If you should be a person of bad luck and so happen to stumble upon a turkey, treat the situation as a fire drill: remain calm, do not panic, analyze the situation. Refraining from showing fear is the first step to friendship. Appear calm and relaxed. If a mob of enraged, rioting turkeys is gathering to request civil rights, casually fortify your doors and windows. If you are not in the proximity of shelter, I would suggest revisiting Halloween and becoming Usain Bolt. If you cannot get to safety, your only hope for survival is to make peace with your uninvited guests by adhering to the following steps:
Do not present yourself as a patron of Thanksgiving. Put all things remotely related out of sight. Remember: “Happy Thanksgiving” is “Happy Death Day” for these turkeys.
If the turkey is gazing in your general direction, make eye contact. However, do NOT stare at the turkey until it lifts its pellet eyes to yours. Think of it this way: if you stare at a person for an extensive amount of time, that person will become uncomfortable. If you gaze at the turkey this way, you will make it panic. As a substep, consider also plastering across your face a modest, mellow grin. Do not overdo this grin or you will appear to the turkey to be one the Grinch’s long-lost relatives.
Assuming you have successfully made eye contact with the turkey, and assuming that the turkey has examined you, that turkey will do one of two things: 1) He will decide that you are a loathsome creature and deduce that you are, indeed, the Grinch’s long-lost relative who showed up to celebrate too early this year. In that case, he will proceed to attack. 2) He will decide that you are a queer creature, but not loathsome. The turkey will be slightly suspicious because of your species, and for this reason, he will keep a safe distance.
If the turkey pursues you, recognize that you have reached a low point in your life and begin running.
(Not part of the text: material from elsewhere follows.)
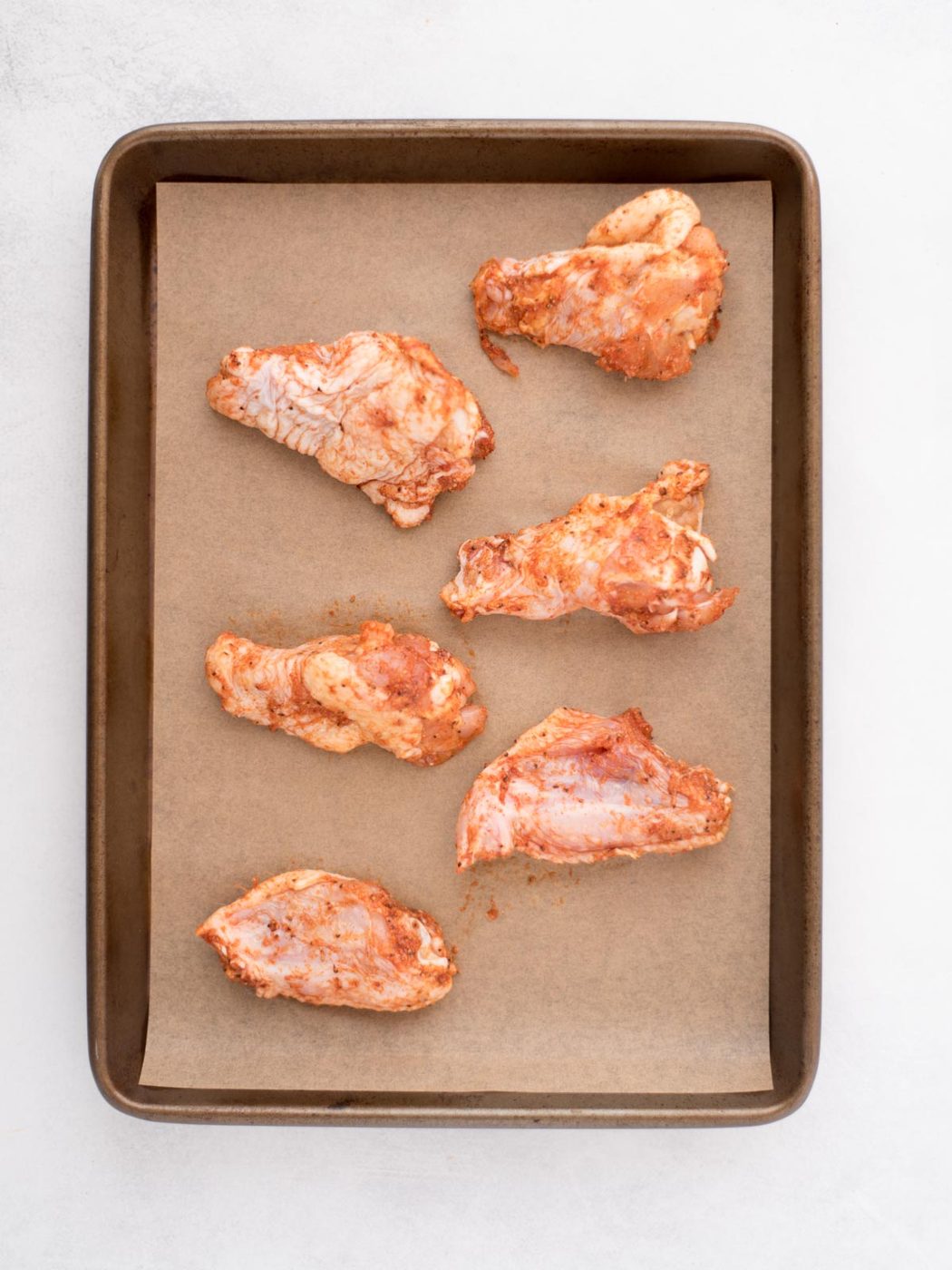 seasoned wings on a parchment lined baking sheet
If the turkey does not pursue you, you can proceed to make peace with his kind. Take modest, quiet steps in the general direction of the turkey. If the turkey does anything sudden, pause and take two steps backward. If the turkey begins to pursue you, refer to step four for assistance.
If you somehow end up five feet in range of the turkey, do not break eye contact.
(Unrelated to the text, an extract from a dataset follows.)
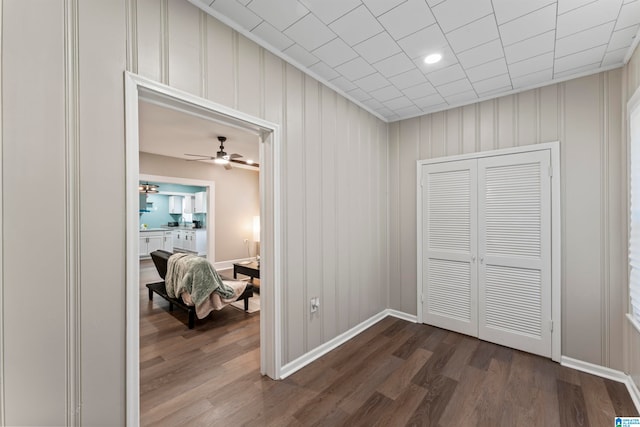 hall with dark wood-type flooring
Attempt to speak the language of turkeys. Unfortunately, there are currently no language courses that specialize in Turkey, so throat a few “gobble-gobbles,” hoping they convey the right message. Use hand gestures if necessary.
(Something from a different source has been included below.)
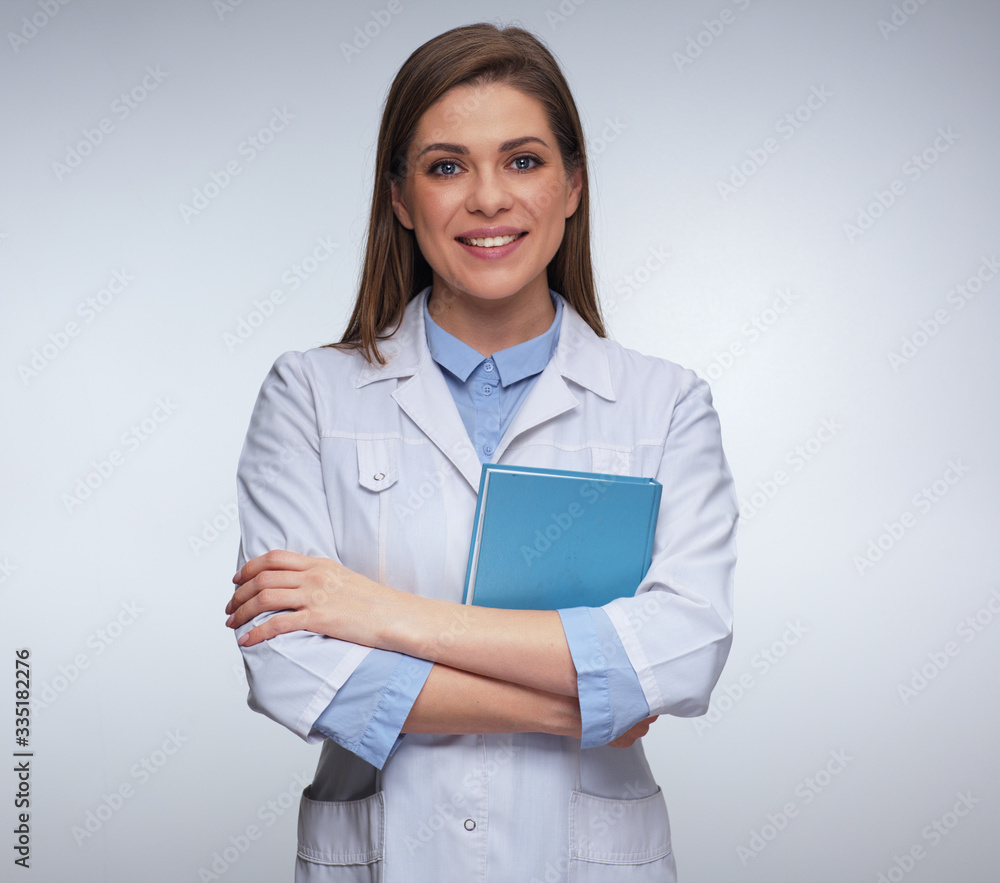 smiling woman doctor in white uniform holding books. smiling woman doctor in white uniform holding books.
If you should be a person of exceptional bad luck and you say something that upsets the turkey, refer to step four. If you should be a person of exceptional good luck, the turkey will exchange a few “gobble-gobbles” perhaps inquiring about the weather, and it will depart. If this happens, congratulations, you are a symbol of diplomacy for our species and should feel free to help yourself to seconds of the delicious meal placed before you this Thanksgiving.
(Warning: approaching a turkey can be life-threatening and fatal. If you ever, in the rare circumstance, stumble upon a turkey, please contact your local animal control and DO NOT adhere to the steps listed above).